Mas o que dizem as evidências científicas até agora?
Não há comprovação de ligação com Alzheimer
Até o momento, não existem estudos científicos robustos que comprovem que o uso de fones de ouvido sem fio esteja associado ao desenvolvimento da doença de Alzheimer ou de outras demências. A radiação emitida por dispositivos Bluetooth é classificada como não ionizante, ou seja, não tem energia suficiente para alterar o DNA ou provocar danos celulares diretos.
Além disso, os níveis de emissão desses dispositivos são baixos e regulamentados por órgãos internacionais de segurança, permanecendo dentro dos limites considerados seguros para a população.
E quanto à barreira hematoencefálica?
Outro ponto levantado por conteúdos virais é a suposta “ruptura” da barreira hematoencefálica. Embora existam estudos experimentais em animais que analisaram efeitos de campos eletromagnéticos sob condições específicas e intensas, essas situações não refletem o uso cotidiano de fones Bluetooth.
Até o momento, não há comprovação científica consistente de que o uso normal desses dispositivos cause danos estruturais ao cérebro humano.

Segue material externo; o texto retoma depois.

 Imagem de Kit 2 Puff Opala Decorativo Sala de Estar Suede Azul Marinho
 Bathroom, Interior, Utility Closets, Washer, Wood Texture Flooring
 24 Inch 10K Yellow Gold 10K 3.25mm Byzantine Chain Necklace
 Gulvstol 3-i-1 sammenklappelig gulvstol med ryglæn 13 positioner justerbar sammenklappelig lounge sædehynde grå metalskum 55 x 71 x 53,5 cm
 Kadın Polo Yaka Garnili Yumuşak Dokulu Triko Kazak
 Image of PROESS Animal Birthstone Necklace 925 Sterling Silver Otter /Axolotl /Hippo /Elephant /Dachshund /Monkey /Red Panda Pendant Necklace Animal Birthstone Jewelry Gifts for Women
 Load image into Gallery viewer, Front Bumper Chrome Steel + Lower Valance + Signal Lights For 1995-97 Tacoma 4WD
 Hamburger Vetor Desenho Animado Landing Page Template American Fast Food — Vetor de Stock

De onde surgem essas preocupações?
Parte da confusão vem da comparação equivocada entre a frequência utilizada por dispositivos sem fio e a de aparelhos como o micro-ondas. Apesar de operarem em faixas semelhantes do espectro eletromagnético, a intensidade de energia é extremamente diferente. O micro-ondas gera calor suficiente para aquecer alimentos; já os fones Bluetooth emitem níveis muito mais baixos, incapazes de produzir esse efeito nos tecidos.

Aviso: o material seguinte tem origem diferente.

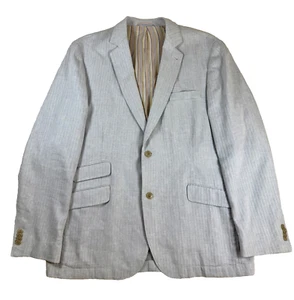 Flynt Sparrow Cappotto Sportivo Misto Lino Grigio Spina di Pesce Uomo 44L Blazer Preppy - Foto 1 di 11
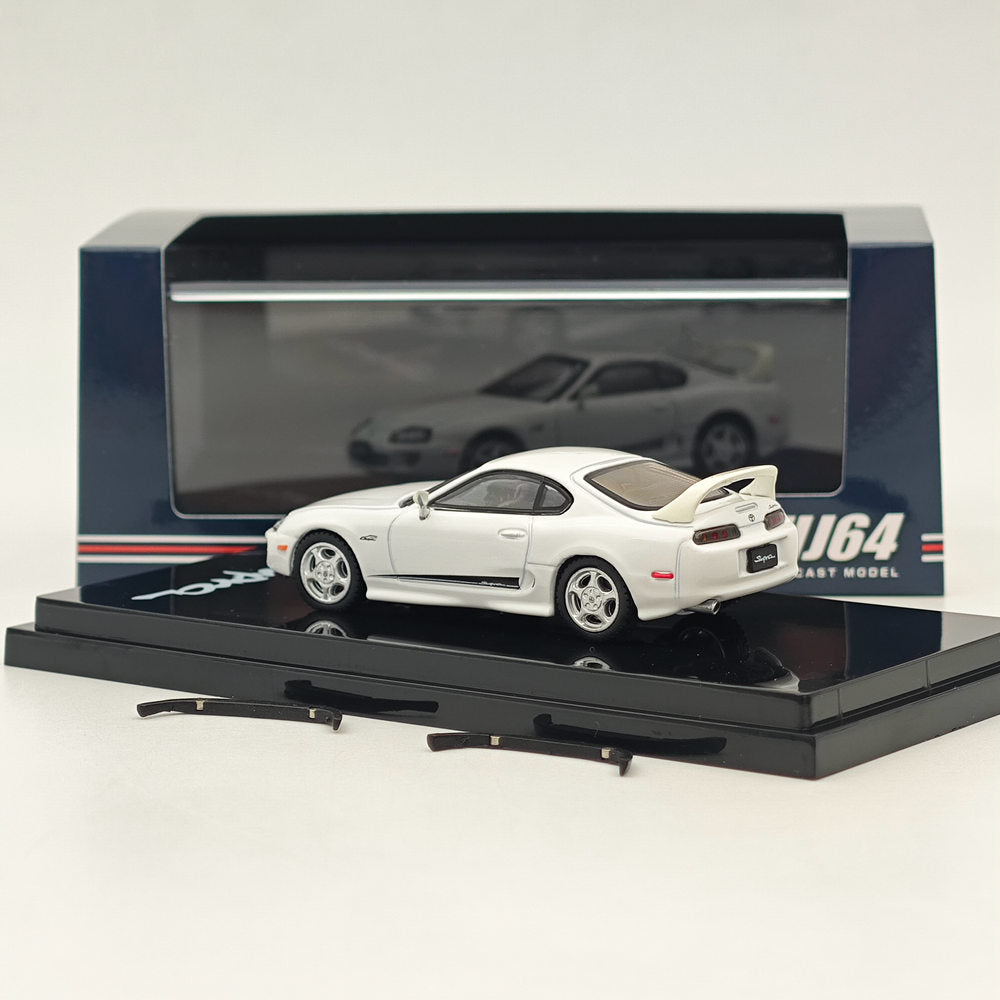 Hobby Japan 1/64 Toyota SUPRA RZ JZA80 VERSION PERSONNALISÉE ORIGINALE avec ActiveSpoiler Blanc HJ643042W Modèles moulés sous pression Collection de voitures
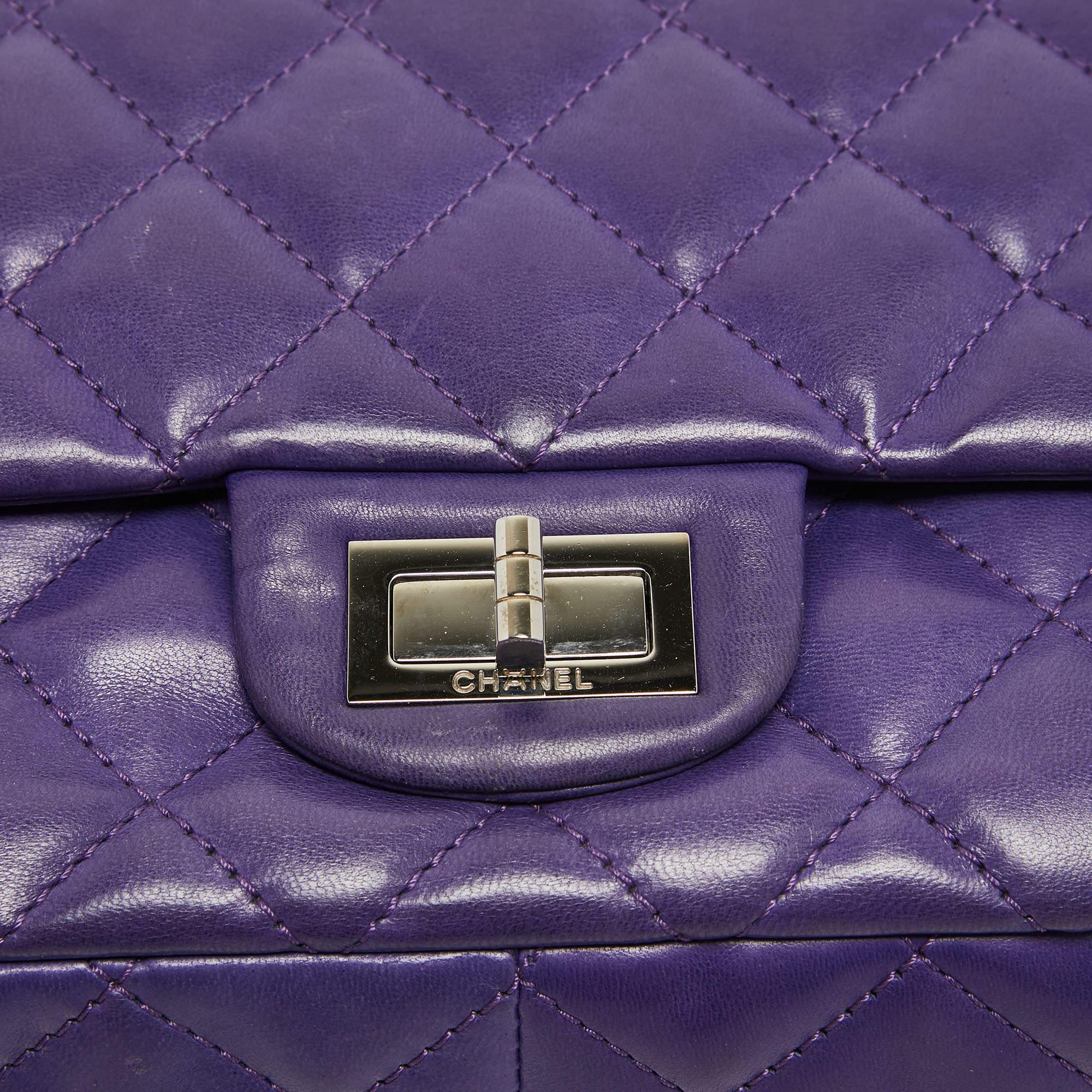 Chanel Purple Quilted Leather 227 Reissue 2.55 Flap Bag For Sale 11
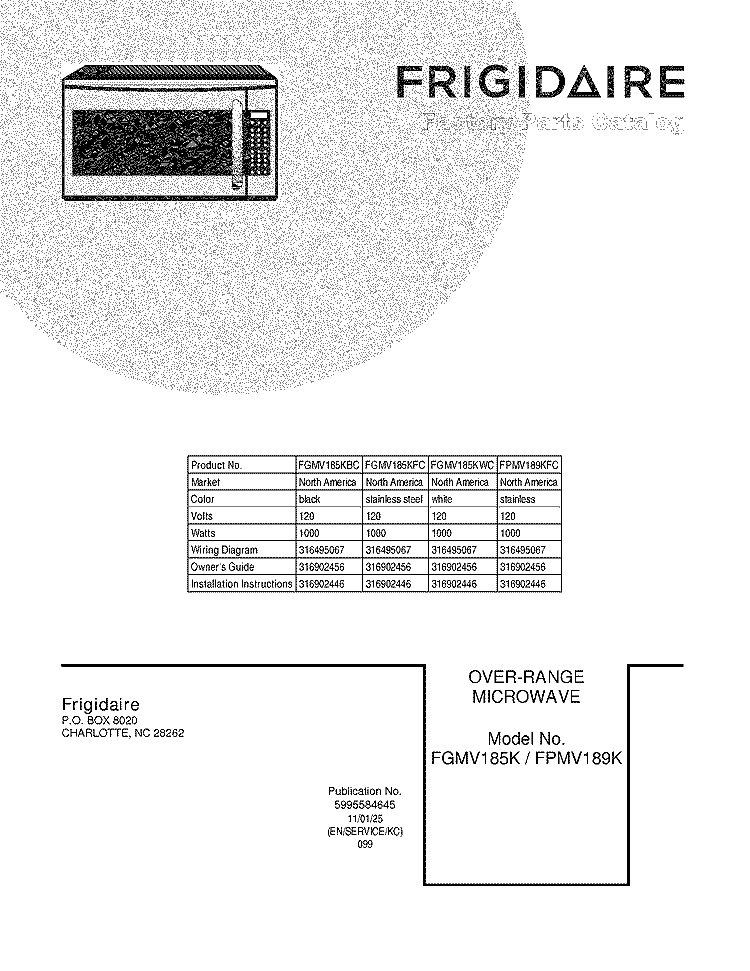 COVER Diagram and Parts List for FGMV185KWC  Frigidaire Microwave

O risco real está no volume
Se existe um cuidado importante relacionado aos fones de ouvido com ou sem fio ele está no volume elevado e no tempo prolongado de uso. A exposição contínua a sons altos pode causar perda auditiva gradual e permanente.
Especialistas recomendam manter o volume abaixo de 60% da capacidade máxima do aparelho e fazer pausas regulares durante o uso.